7. Transfers outside the European Union

Where processing involves a transfer to a third country, it is governed by the appropriate safeguards under Articles 44 to 49 of the GDPR: Standard Contractual Clauses adopted by the European Commission (Article 46) and, where applicable, a processor's participation in the EU-US Data Privacy Framework (adequacy decision).

8. Retention periods

Account data: kept for as long as the account is active;
Session photos: purged no later than 45 days after the account deletion request;
Summaries and transcriptions (administrator access): purged no later than 45 days after the account deletion request;
Consent records: kept as required by law (append-only audit trail).

Account deletion is preceded by a 30-day cooling-off period during which the account can be reactivated.

9. Your rights

Under Articles 15 to 21 of the GDPR, you have the following rights:

right of access (Article 15);
right to rectification (Article 16);
right to erasure, the "right to be forgotten" (Article 17);
right to restriction of processing (Article 18);
right to data portability (Article 20);
right to object (Article 21).

To exercise these rights, contact support@roro.vision.

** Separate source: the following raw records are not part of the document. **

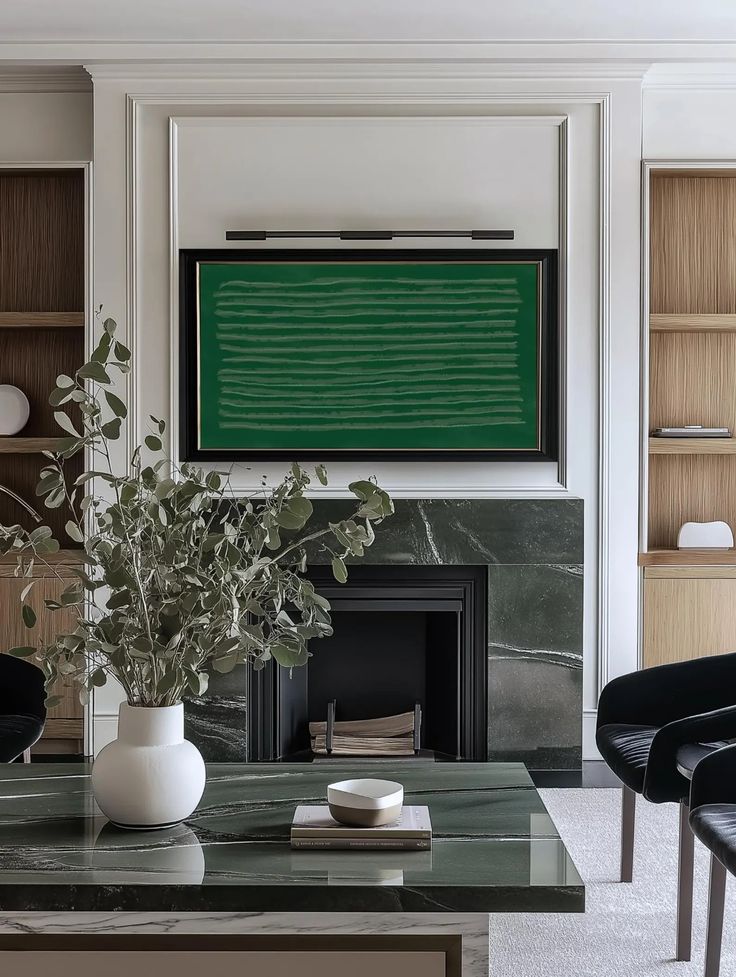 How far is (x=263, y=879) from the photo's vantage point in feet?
4.52

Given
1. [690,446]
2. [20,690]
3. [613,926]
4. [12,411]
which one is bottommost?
Result: [613,926]

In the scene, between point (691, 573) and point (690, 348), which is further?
point (690, 348)

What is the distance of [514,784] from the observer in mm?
1887

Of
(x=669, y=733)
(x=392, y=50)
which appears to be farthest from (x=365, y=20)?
(x=669, y=733)

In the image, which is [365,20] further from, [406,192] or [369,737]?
[369,737]

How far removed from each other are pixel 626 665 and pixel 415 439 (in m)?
1.20

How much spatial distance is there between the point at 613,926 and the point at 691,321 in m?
2.36

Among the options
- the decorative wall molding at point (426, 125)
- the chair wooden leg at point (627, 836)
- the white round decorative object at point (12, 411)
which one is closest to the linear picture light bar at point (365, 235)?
the decorative wall molding at point (426, 125)

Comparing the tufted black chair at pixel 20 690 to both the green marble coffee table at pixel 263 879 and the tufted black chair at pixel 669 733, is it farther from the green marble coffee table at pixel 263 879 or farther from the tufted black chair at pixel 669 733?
the tufted black chair at pixel 669 733

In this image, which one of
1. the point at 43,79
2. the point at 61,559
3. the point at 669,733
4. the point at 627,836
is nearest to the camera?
the point at 669,733

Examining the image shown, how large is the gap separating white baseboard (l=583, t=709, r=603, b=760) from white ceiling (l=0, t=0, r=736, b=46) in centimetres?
256

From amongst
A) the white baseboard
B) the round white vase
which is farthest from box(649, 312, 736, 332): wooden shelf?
the round white vase

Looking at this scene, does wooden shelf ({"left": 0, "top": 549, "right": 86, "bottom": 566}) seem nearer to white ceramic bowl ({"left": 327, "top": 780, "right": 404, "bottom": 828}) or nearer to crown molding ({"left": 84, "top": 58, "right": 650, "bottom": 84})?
crown molding ({"left": 84, "top": 58, "right": 650, "bottom": 84})

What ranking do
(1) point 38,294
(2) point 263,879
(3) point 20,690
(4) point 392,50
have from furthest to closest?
(1) point 38,294 < (4) point 392,50 < (3) point 20,690 < (2) point 263,879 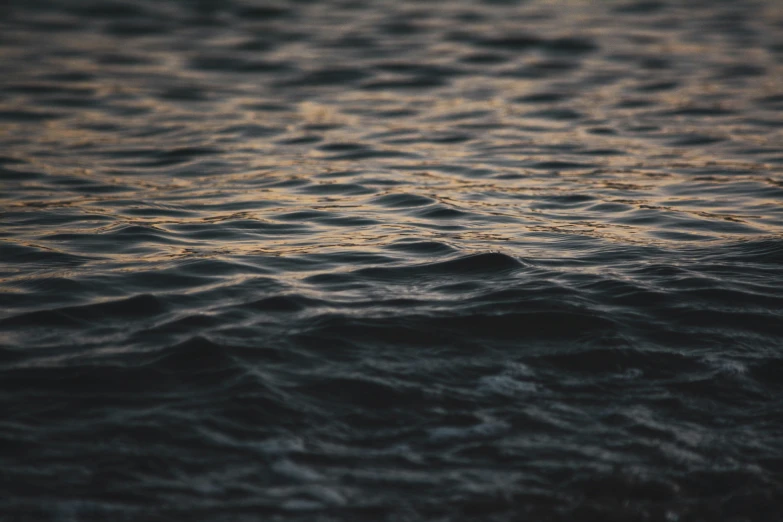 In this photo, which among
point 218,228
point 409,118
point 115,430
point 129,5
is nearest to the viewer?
point 115,430

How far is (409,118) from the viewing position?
448 inches

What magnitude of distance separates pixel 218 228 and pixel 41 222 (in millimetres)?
1496

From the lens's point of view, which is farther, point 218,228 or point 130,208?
point 130,208

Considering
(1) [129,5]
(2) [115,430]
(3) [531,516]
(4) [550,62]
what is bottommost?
(3) [531,516]

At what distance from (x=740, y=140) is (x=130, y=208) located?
6665 mm

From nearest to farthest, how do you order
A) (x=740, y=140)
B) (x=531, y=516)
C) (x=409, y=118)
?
(x=531, y=516) < (x=740, y=140) < (x=409, y=118)

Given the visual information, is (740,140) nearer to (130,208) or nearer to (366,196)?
(366,196)

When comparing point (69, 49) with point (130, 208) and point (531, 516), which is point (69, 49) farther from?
point (531, 516)

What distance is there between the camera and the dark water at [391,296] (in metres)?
3.77

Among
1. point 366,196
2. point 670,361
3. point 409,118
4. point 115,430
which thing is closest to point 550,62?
A: point 409,118

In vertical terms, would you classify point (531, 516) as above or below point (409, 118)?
below

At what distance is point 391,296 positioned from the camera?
5.61 meters

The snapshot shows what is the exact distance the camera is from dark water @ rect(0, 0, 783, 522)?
12.4 ft

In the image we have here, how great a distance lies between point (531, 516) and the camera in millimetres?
3566
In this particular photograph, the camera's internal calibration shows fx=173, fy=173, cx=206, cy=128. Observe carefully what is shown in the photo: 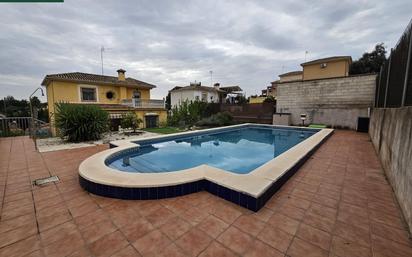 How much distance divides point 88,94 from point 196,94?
56.2ft

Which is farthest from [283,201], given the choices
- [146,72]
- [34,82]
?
[34,82]

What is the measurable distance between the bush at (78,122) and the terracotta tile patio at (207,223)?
17.9ft

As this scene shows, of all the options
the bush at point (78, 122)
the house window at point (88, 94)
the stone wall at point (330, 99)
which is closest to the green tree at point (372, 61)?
the stone wall at point (330, 99)

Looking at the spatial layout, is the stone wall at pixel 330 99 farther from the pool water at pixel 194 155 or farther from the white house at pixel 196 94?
the white house at pixel 196 94

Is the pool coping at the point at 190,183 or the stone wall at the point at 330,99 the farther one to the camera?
the stone wall at the point at 330,99

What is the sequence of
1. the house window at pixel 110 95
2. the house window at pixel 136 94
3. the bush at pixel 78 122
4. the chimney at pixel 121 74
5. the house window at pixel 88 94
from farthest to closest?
the house window at pixel 136 94 → the chimney at pixel 121 74 → the house window at pixel 110 95 → the house window at pixel 88 94 → the bush at pixel 78 122

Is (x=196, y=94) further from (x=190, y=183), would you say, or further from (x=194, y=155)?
(x=190, y=183)

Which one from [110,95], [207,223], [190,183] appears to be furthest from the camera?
[110,95]

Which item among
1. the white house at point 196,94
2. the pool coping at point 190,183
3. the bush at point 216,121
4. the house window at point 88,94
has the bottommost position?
the pool coping at point 190,183

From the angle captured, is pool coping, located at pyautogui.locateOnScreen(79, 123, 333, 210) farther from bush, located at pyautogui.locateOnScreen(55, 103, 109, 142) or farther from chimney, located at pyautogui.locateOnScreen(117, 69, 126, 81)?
chimney, located at pyautogui.locateOnScreen(117, 69, 126, 81)

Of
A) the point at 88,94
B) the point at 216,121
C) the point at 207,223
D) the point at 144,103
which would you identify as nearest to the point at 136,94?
the point at 144,103

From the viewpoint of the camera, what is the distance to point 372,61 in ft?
78.4

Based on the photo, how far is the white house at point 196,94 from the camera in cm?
2939

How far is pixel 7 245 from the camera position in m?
2.12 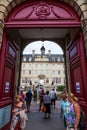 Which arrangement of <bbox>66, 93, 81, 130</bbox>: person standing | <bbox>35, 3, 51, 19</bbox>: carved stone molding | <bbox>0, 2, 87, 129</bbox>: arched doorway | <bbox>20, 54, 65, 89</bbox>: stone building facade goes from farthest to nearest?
1. <bbox>20, 54, 65, 89</bbox>: stone building facade
2. <bbox>35, 3, 51, 19</bbox>: carved stone molding
3. <bbox>0, 2, 87, 129</bbox>: arched doorway
4. <bbox>66, 93, 81, 130</bbox>: person standing

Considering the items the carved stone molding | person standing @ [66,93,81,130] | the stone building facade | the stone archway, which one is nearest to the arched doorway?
the carved stone molding

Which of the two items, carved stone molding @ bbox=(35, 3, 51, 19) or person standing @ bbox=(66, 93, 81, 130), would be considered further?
carved stone molding @ bbox=(35, 3, 51, 19)

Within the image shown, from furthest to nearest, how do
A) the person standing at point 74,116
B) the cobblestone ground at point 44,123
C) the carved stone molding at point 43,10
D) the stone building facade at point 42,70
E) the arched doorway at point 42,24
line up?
the stone building facade at point 42,70 < the cobblestone ground at point 44,123 < the carved stone molding at point 43,10 < the arched doorway at point 42,24 < the person standing at point 74,116

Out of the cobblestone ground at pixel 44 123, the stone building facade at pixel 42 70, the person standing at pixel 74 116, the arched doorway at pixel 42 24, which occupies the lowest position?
the cobblestone ground at pixel 44 123

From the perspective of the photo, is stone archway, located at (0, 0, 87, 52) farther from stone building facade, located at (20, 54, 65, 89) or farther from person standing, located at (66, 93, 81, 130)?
stone building facade, located at (20, 54, 65, 89)

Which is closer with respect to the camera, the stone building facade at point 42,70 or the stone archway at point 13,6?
the stone archway at point 13,6

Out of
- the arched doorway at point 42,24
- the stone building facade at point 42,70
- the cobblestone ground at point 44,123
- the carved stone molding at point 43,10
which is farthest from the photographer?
the stone building facade at point 42,70

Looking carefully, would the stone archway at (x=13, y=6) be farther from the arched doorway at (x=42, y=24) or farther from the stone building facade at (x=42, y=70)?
the stone building facade at (x=42, y=70)

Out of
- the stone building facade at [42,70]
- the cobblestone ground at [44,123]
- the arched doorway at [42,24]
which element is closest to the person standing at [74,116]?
the arched doorway at [42,24]

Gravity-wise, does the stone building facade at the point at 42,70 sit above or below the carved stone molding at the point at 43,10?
above

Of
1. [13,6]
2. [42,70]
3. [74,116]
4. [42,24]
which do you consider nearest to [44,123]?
[74,116]

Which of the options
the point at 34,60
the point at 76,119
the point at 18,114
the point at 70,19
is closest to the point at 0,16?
the point at 70,19

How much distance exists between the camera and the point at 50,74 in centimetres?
4962

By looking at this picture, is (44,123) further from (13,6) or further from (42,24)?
(13,6) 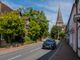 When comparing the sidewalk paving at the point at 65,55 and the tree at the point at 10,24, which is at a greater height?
the tree at the point at 10,24

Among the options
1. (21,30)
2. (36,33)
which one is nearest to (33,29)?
(36,33)

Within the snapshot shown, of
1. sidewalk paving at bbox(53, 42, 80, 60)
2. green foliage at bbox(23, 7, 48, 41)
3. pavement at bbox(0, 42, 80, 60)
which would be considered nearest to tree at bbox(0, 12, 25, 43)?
pavement at bbox(0, 42, 80, 60)

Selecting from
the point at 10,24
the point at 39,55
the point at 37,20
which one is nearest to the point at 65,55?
the point at 39,55

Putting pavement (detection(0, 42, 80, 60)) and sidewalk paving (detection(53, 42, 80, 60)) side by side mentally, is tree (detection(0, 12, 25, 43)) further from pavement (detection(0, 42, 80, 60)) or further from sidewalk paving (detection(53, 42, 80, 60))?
sidewalk paving (detection(53, 42, 80, 60))

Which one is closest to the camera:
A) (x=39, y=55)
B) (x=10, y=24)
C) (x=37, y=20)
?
(x=39, y=55)

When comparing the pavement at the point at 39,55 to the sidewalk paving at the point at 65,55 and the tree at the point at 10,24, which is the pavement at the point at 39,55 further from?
the tree at the point at 10,24

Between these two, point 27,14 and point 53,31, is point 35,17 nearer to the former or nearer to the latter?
point 27,14

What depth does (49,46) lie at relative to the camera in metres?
39.3

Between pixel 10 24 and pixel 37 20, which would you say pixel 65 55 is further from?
pixel 37 20

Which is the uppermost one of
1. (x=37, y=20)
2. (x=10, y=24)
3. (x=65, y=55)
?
(x=37, y=20)

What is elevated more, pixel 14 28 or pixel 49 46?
pixel 14 28

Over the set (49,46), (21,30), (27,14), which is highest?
(27,14)

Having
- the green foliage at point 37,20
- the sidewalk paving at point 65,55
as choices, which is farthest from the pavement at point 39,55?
the green foliage at point 37,20

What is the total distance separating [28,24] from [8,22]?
35.6 meters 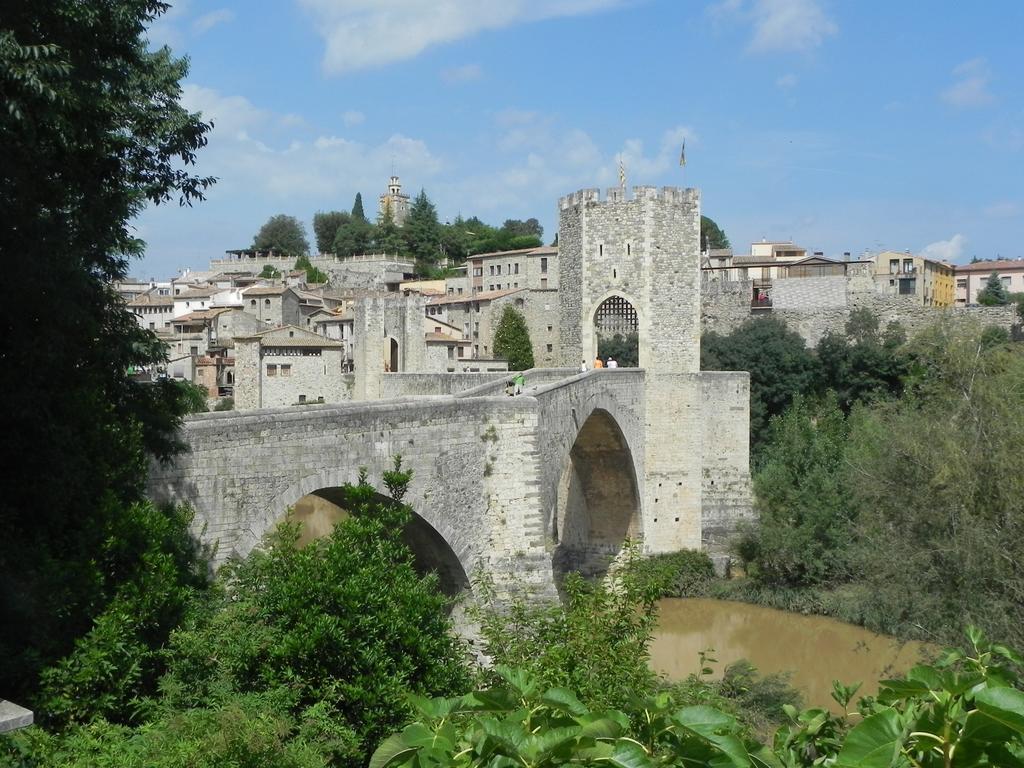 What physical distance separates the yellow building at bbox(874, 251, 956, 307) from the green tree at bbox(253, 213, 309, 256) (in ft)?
188

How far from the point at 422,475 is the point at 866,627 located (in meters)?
14.7

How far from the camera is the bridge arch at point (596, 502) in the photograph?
83.8ft

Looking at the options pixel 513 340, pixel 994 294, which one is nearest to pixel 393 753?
pixel 513 340

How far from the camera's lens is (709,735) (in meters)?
2.77

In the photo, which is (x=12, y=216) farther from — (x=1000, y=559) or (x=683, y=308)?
(x=683, y=308)

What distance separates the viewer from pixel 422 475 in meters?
12.8

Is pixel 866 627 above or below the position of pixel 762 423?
below

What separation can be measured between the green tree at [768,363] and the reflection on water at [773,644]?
43.2 ft

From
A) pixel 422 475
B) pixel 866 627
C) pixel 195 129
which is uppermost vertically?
pixel 195 129

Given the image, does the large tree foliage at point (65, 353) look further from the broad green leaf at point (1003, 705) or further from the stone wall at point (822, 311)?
the stone wall at point (822, 311)

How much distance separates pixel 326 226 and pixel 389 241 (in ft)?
61.9

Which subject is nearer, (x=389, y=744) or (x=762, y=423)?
(x=389, y=744)

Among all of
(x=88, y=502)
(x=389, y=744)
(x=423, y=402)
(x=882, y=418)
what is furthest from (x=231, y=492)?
(x=882, y=418)

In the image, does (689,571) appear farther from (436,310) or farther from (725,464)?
(436,310) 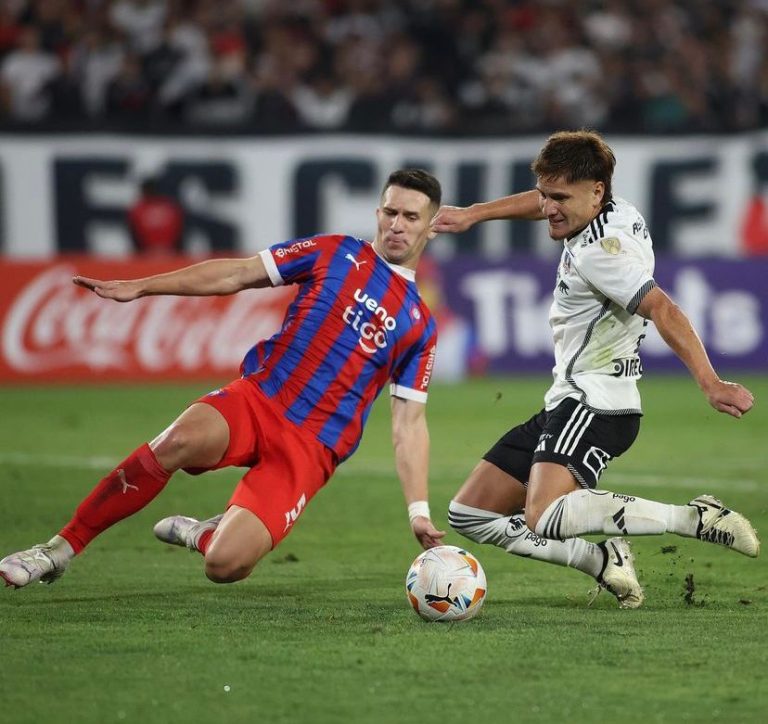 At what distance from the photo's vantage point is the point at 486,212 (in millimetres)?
7215

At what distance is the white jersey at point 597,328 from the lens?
6.48 meters

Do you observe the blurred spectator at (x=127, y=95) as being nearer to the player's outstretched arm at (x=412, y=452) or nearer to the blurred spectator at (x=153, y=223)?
the blurred spectator at (x=153, y=223)

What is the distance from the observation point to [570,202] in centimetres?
653

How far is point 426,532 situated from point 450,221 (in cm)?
152

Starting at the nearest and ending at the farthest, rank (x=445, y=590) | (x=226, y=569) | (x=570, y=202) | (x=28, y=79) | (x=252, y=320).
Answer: (x=445, y=590) < (x=226, y=569) < (x=570, y=202) < (x=252, y=320) < (x=28, y=79)

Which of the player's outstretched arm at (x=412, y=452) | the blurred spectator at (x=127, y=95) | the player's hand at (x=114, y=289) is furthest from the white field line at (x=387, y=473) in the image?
the blurred spectator at (x=127, y=95)

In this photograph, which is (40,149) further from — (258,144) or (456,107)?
(456,107)

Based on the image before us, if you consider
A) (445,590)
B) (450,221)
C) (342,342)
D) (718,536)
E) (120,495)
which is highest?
(450,221)

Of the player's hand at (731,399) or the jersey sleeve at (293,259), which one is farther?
the jersey sleeve at (293,259)

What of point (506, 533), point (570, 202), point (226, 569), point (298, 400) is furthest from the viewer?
point (506, 533)

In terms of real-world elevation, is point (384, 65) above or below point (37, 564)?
above

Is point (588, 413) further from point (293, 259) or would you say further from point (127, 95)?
point (127, 95)

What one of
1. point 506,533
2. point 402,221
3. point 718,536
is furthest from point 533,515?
point 402,221

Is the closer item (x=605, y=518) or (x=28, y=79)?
(x=605, y=518) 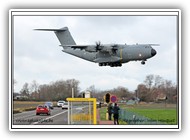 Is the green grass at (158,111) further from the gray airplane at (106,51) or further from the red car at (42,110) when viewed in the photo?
the red car at (42,110)

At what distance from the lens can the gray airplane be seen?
1889cm

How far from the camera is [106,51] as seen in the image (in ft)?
62.8

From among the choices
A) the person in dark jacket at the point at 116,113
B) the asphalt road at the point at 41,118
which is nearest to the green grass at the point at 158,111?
the person in dark jacket at the point at 116,113

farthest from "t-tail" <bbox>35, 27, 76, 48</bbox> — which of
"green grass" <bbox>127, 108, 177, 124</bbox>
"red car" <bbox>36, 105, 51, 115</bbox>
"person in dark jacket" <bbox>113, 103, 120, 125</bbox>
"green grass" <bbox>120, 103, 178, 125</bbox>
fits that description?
"green grass" <bbox>127, 108, 177, 124</bbox>

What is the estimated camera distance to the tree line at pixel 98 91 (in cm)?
1894

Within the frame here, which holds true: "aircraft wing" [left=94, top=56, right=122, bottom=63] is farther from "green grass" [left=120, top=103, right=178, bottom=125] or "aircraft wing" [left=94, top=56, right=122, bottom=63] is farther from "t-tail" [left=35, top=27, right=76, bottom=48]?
"green grass" [left=120, top=103, right=178, bottom=125]

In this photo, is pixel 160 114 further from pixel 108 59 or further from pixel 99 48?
pixel 99 48

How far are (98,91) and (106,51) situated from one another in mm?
936

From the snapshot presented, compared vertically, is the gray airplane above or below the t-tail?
below

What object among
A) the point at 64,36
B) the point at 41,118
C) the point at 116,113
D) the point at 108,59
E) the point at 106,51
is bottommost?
the point at 41,118

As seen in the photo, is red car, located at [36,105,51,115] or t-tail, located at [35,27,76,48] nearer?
red car, located at [36,105,51,115]

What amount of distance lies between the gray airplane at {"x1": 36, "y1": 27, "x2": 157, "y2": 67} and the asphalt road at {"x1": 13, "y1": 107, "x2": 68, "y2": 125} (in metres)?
1.42

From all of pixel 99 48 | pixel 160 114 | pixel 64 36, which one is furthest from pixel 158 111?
pixel 64 36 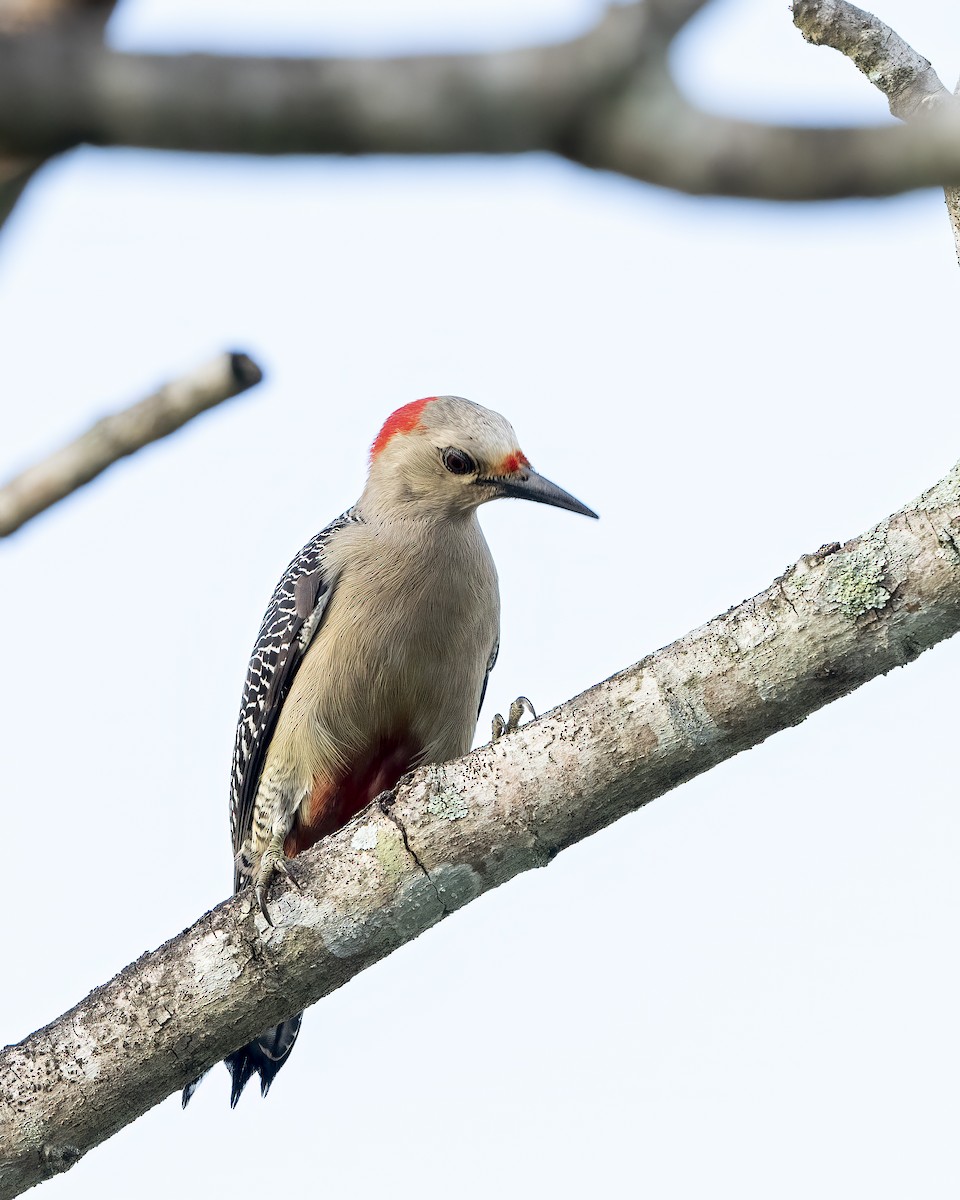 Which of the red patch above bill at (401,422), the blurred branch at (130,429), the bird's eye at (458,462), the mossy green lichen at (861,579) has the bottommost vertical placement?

10. Data Protection Officer (DPO)

The role of Data Protection Officer is held by the director of Roro Vision, who can be reached at support@roro.vision.

11. Supervisory authority

Under Article 77 of the GDPR, you have the right to lodge a complaint with a supervisory authority. In France, the competent authority is the Commission nationale de l'informatique et des libertés (CNIL) — cnil.fr.

12. Minors

The service is not intended for children under 15. In France, consent to data processing in the context of online services requires a minimum age of 15 (Article 8 of the French Data Protection Act).

13. Data residency

At launch, data is hosted in the European Union (single region). Any transfers to processors located outside the EU are governed in accordance with section 7.

14. Cookies and trackers

The Roro Vision mobile application does not use cookies. Usage within the application is measured using PostHog (by means of a tracking identifier) and technical errors are collected via Sentry. Audience measurement can be disabled in the application settings.

15. Updates

This policy may be updated. Users are informed of significant changes within the application.

Notes and references

Applicable official references.

GDPR, Article 6 (lawfulness), Article 9 (special categories) — CNIL, Chapter II.
GDPR, Articles 12 and 13 (information); Articles 15 to 21 (rights) — CNIL, Chapter III.
GDPR, Article 28 (processor), Article 37 (DPO) — CNIL, Chapter IV.
GDPR, Articles 44 to 49 (international transfers) — CNIL, Chapter V.
GDPR, Article 77 (right to lodge a complaint) — CNIL, Chapter VIII.
French Data Protection Act No. 78-17 of 6 January 1978 — Légifrance.
Processors' data processing addenda (DPA): Google Cloud, LiveKit, Supabase, Fly.io, RevenueCat, Sentry, PostHog.